### TASK REQUIREMENTS
Where the data below begins, start retyping exactly, and end on the line with "And a purple", which is included; no picture goes in.

--- RECORDS FOR THE TASK Enclosed Below ---

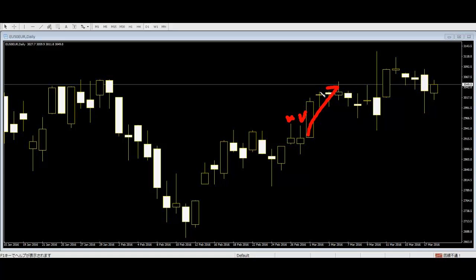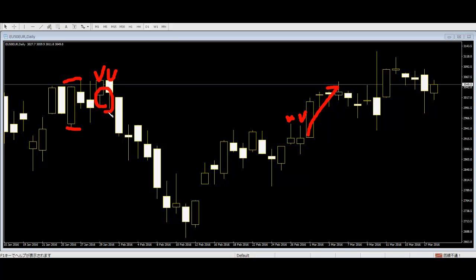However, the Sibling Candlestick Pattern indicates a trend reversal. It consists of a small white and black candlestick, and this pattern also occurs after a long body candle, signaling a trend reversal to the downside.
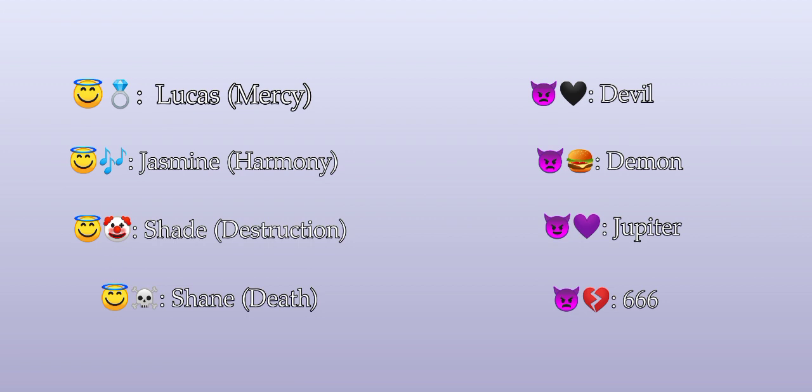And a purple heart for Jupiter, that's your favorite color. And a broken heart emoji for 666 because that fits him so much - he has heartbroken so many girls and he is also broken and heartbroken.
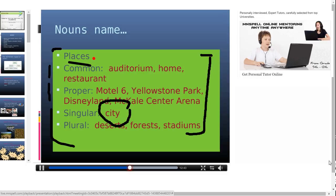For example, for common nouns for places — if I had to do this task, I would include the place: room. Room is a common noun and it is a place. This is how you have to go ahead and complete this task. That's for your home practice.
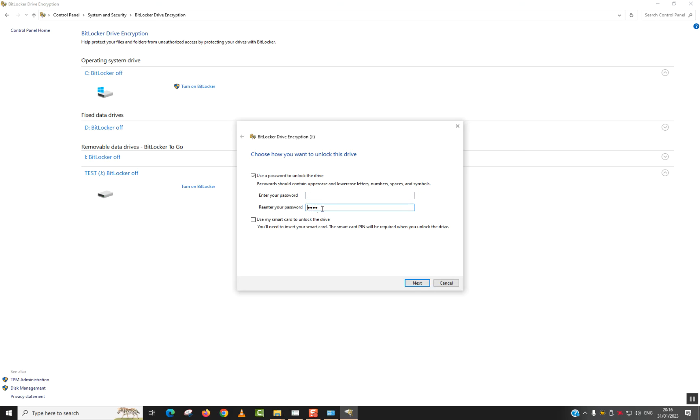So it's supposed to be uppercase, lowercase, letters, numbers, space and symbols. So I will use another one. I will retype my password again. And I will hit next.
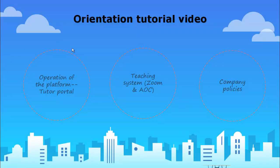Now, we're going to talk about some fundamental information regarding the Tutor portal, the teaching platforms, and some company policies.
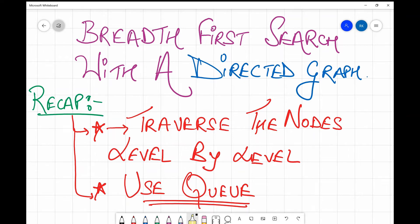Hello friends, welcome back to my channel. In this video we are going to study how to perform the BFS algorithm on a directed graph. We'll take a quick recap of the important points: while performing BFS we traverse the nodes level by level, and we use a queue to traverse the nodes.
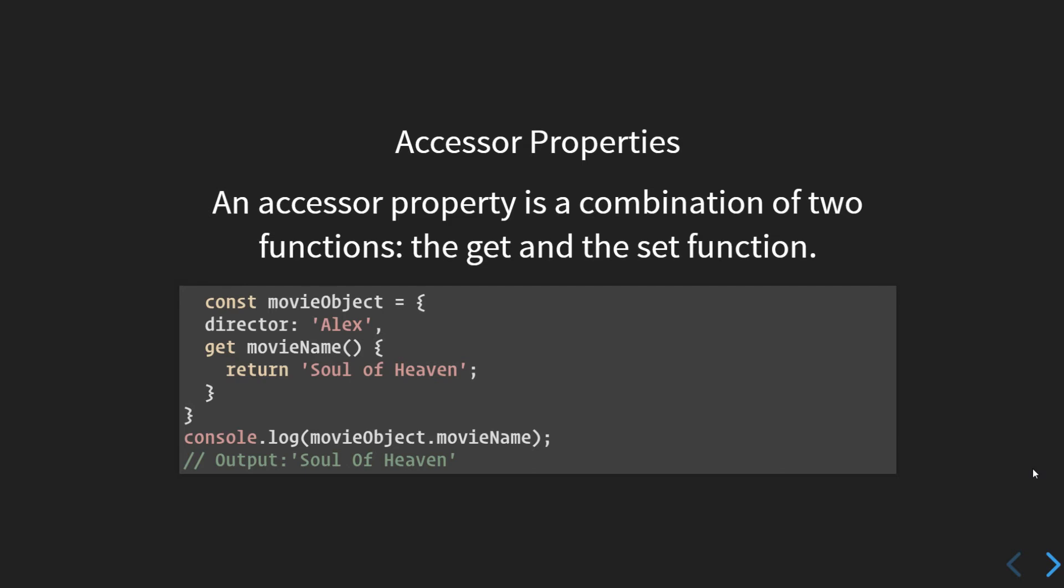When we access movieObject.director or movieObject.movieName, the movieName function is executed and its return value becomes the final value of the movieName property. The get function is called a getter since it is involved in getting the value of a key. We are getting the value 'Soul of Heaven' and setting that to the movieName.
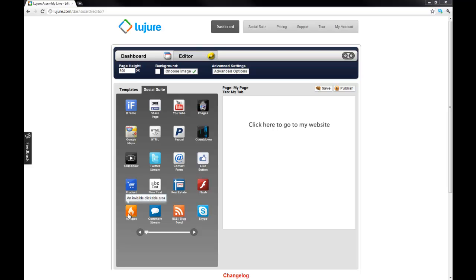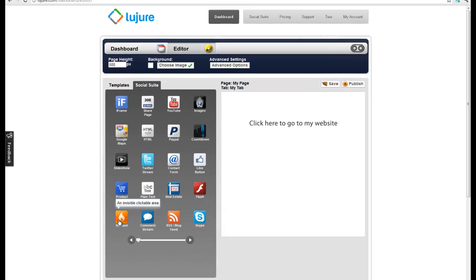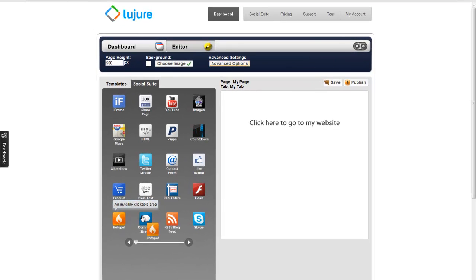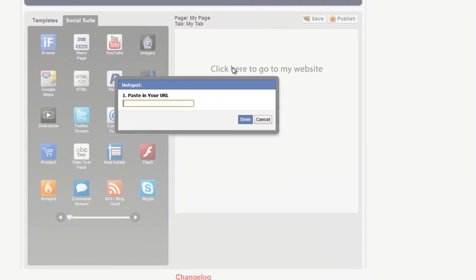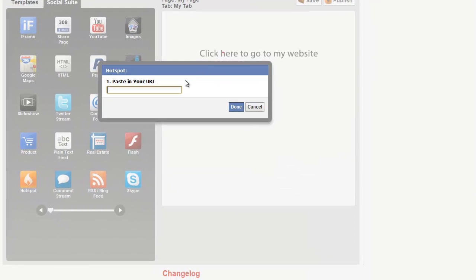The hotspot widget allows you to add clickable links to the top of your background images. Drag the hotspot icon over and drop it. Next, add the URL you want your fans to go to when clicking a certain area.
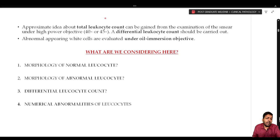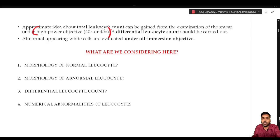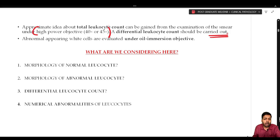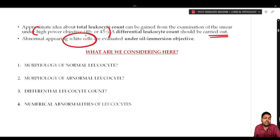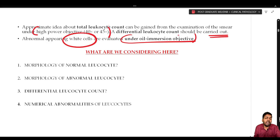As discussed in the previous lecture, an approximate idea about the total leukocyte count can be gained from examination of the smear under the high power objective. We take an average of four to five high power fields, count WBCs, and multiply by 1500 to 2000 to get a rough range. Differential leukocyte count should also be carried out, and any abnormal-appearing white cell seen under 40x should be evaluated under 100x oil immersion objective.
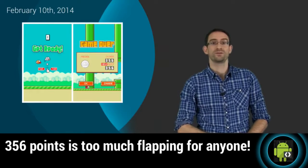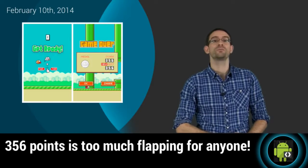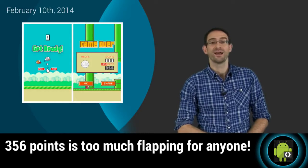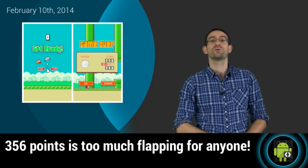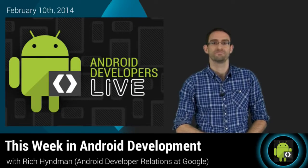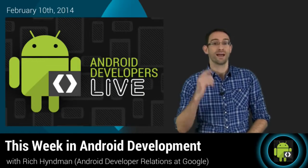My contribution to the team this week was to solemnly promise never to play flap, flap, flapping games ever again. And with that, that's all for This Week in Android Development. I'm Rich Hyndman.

--- End of Enclosed RECORDS FOR THE TASK ---

### TASK RESULT
However, the Sibling Candlestick Pattern indicates a trend reversal. It consists of a small white and black candlestick, and this pattern also occurs after a long body candle, signaling a trend reversal to the downside.
And a purple heart for Jupiter, that's your favorite color. And a broken heart emoji for 666 because that fits him so much - he has heartbroken so many girls and he is also broken and heartbroken.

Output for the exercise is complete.